Un director de equipo, más que saber y confeccionar todo lo que viaja desde la cocina al comedor, es el que verifica que los diferentes platos se entregan tal como estaba planificado. Hay restaurantes donde mientras el responsable observa que todo fluye como debe, canta comandas e, incluso, realiza la fracción de una elaboración o un plato en su totalidad. Pero advirtiendo que, más allá de comprobar que los productos y elaboraciones se ajustan a las aspiraciones de calidad previstos, ¿es tan importante que los tenga que ejecutar el chef en su totalidad? Y una vez confirmado que es materialmente imposible que esto suceda, ¿qué tareas son las indispensables que debería llevar a cabo? ¿Iniciar algunos platos? ¿Finalizarlos? ¿Adquirir y seleccionar las materias primas? ¿Decretar que todo se desarrolla según lo convenido? Y como comensal, ¿usted qué evalúa y aprecia más? ¿Que el chef le cocine? ¿Que lo que propone el restaurante responda a unos criterios de ejecución excelentes? ¿Que la cocina proyecte un estilo personal y definido?

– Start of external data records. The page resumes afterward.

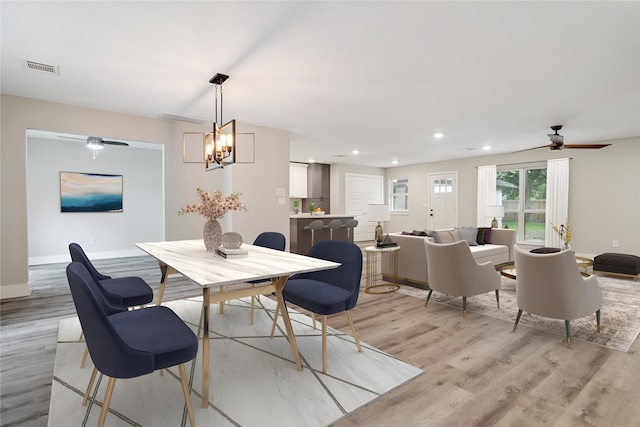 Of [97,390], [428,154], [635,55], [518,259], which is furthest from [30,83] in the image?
[428,154]

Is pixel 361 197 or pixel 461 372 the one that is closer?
pixel 461 372

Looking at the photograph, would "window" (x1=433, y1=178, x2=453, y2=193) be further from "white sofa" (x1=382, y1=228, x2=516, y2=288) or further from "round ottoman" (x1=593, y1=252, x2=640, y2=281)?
"round ottoman" (x1=593, y1=252, x2=640, y2=281)

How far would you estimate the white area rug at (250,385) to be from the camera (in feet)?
5.91

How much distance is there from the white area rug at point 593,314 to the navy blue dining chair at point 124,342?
2849mm

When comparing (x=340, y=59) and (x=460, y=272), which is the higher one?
(x=340, y=59)

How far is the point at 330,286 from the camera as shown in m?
2.69

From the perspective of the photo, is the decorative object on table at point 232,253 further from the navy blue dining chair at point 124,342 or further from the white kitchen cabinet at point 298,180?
the white kitchen cabinet at point 298,180

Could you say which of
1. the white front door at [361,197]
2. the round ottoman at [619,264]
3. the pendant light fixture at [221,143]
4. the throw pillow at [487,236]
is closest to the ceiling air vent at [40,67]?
the pendant light fixture at [221,143]

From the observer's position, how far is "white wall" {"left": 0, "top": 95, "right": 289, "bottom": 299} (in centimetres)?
406

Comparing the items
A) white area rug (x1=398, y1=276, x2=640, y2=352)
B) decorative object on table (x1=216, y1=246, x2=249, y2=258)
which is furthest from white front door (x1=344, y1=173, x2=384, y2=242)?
decorative object on table (x1=216, y1=246, x2=249, y2=258)

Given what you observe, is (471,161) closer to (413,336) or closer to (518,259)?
(518,259)

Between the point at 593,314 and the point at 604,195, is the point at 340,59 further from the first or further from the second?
the point at 604,195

No sé ustedes, pero yo busco que aquello que me procuro se ajuste a los estándares de diseño, funcionalidad y condición que espero, sea un teléfono móvil, una prenda de vestir o un neumático, sin entrar a valorar si el director general de Apple, Loreak Mendian o Michelin lo ha ensamblado, cosido o maneja la prensa de vulcanización con sus propias manos.
Dentro de la infinidad de modelos y espacios donde se puede comer —pequeños o grandes, simples o sofisticados—, una gran idea no vale nada sin una buena ejecución y los recursos que lo sustentan. Pero una vez se ha conseguido armar un equipo y repartir tareas, hasta una idea ordinaria, admirablemente efectuada, tiene más notoriedad que un grandísimo concepto mal desarrollado. De ahí que verificar lo que se hace en la cocina sea tan importante, incluso más, que contemplar al chef salteando unos espárragos trigueros.

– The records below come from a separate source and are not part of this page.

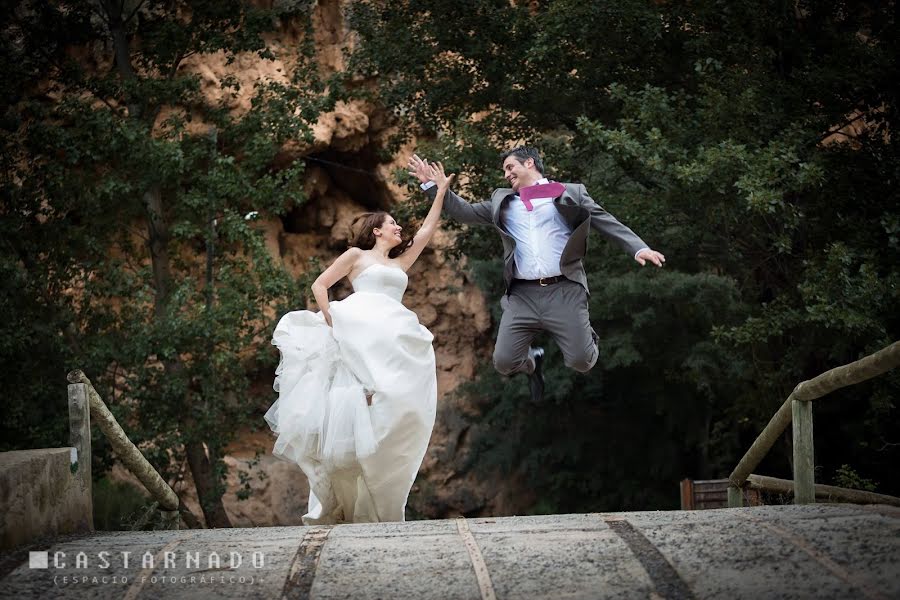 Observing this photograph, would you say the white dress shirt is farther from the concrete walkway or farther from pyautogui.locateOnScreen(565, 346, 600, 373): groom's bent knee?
the concrete walkway

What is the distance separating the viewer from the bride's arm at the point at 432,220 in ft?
22.8

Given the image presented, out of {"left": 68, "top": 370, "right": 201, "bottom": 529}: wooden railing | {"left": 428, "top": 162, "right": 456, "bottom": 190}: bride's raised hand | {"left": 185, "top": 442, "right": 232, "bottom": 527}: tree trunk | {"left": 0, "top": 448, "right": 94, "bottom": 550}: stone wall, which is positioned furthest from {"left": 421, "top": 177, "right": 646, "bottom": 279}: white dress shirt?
{"left": 185, "top": 442, "right": 232, "bottom": 527}: tree trunk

En medio de aquella animada conversación, el comensal que lideraba la mesa, y que tanto hincapié hizo en la presencia del cocinero, compartió con los demás su receta estrella, la que utilizaba para obsequiar a sus amigos cuando le visitaban en casa: una salsa de tomate industrial en conserva a la que añadía un sofrito de cebolla, ajos, una hoja de laurel y tomillo para modificar el sabor. ¿Ejecución o idea?